I had challenged these positions during meetings of the “Rural Sounding Board”, an informal committee convened by MAFF and the environment department to canvass opinion for the rural white paper. The ministers had claimed that they wanted to hear a wide range of views, which, I assumed, included those with which they disagreed. So I was taken aback when a fax from the agriculture minister Elliot Morley arrived at Guardian, addressed not to the letters editor, but to myself. My article was “utterly outrageous and unacceptable,” it thundered. “Unless you publicly apologise and withdraw these allegations, Michael Meacher and I agree that there is no alternative but for you to withdraw from the Rural Sounding Board.”

So much for open government. The fax confirmed, I felt, two of the government’s central failings. The first is its limited understanding of freedom of speech. The second is its inability to grasp the idea that corruption is not confined to the receipt of brown envelopes. A ministry set up to do one thing (support all farmers, irrespective of size) but which, thanks to the pressure exerted by rich and powerful people, ends up doing another is clearly a ministry whose purpose has been corrupted.

This year the government has had ample opportunity to show whose agricultural interests it represents.
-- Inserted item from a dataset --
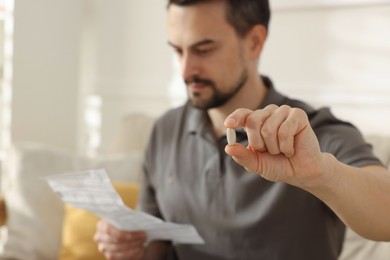 Photo of Man with pill reading instruction at home, selective focus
In May, when the European Union opted to defend consumers from imports of hormone-contaminated beef, one country undermined the common position. The UK chose instead to defend the interests of the agrochemical companies producing the hormones. In June Britain blocked the attempt by France and Greece to introduce a moratorium on genetically engineered crops in the European Union. Over the last year, the government has allocated a grand total of £2.2 million for research into organic farming, for which consumer demand outstrips supply by 200 per cent, and £52 million for research into genetically engineered food, which no one wants to buy.

This week, the ministry of agriculture would like us to believe, it has started to redeem itself. For the next seven years, the agriculture secretary Nick Brown has announced, MAFF will spend an average of £230 million on paying farmers to protect landscapes and wildlife, convert to organic production and diversify their activities. This trebling of the budget for environmental measures “demonstrates” Mr Brown maintained, “the Government’s commitment to rural communities”.
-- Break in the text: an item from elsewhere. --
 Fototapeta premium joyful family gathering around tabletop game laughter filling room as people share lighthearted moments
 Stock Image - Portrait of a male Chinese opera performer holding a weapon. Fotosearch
Unfortunately it does just that. While some of the measures are unquestionably positive, providing desperately needed money for the conservation and restoration of rare habitats, the changes are likely to help accelerate the destruction of small farms, while supporting large ones. Much of the money will be released by cutting farmers’ production subsidies. Though large farms need much less state help than small ones, the same percentage, despite the pleas of smallholders, will be taken from all of them. As big farmers, with their managers and secretaries, are better placed to harvest the new subsidies than small ones, the changes promise to be deeply regressive.
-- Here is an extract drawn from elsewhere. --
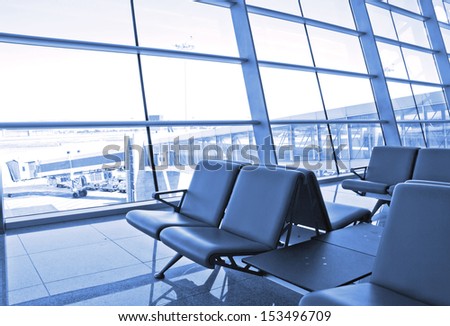 modern airport terminal waiting room with window outside scene of flight departure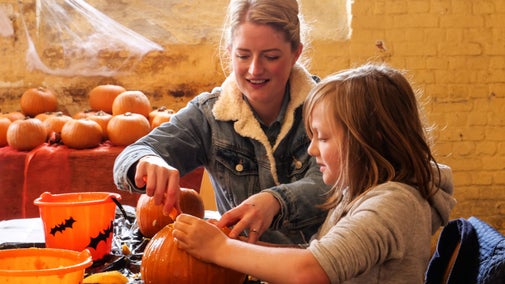 A parent and child carve pumpkins on a bench covered in pumpkins and orange buckets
The new money is just a fraction of that required to stop the orgy of state-subsidised vandalism which has destroyed nearly all our most important farm habitats over the last fifty years. The British taxpayer will now be spending £230m a year on protecting the farm environment, and some £5 billion on destroying it. The money allocated to organic farming is just one seventh of the subsidy required to achieve the Soil Association’s modest target of 30 per cent organic production by 2010. Most alarmingly, the whole package still relies on the big farmers’ repeatedly broken promise of self-regulation. There is nothing to prevent a landowner from destroying a habitat the taxpayer has spent a fortune to restore, the moment the price of sugarbeet rises.

The government’s problem is that the deal it negotiated during the European talks in March leaves it with little room for manoeuvre. Rather than insisting that the whole programme be radically changed, it concentrated instead on protecting British barley barons.

Yes Mr Morley, your ministry IS institutionally corrupt. Why else would you try to stamp out small farming in Britain? Why else would you continue to rob the poor in order to support the rich? And why else would you seek to silence your critics?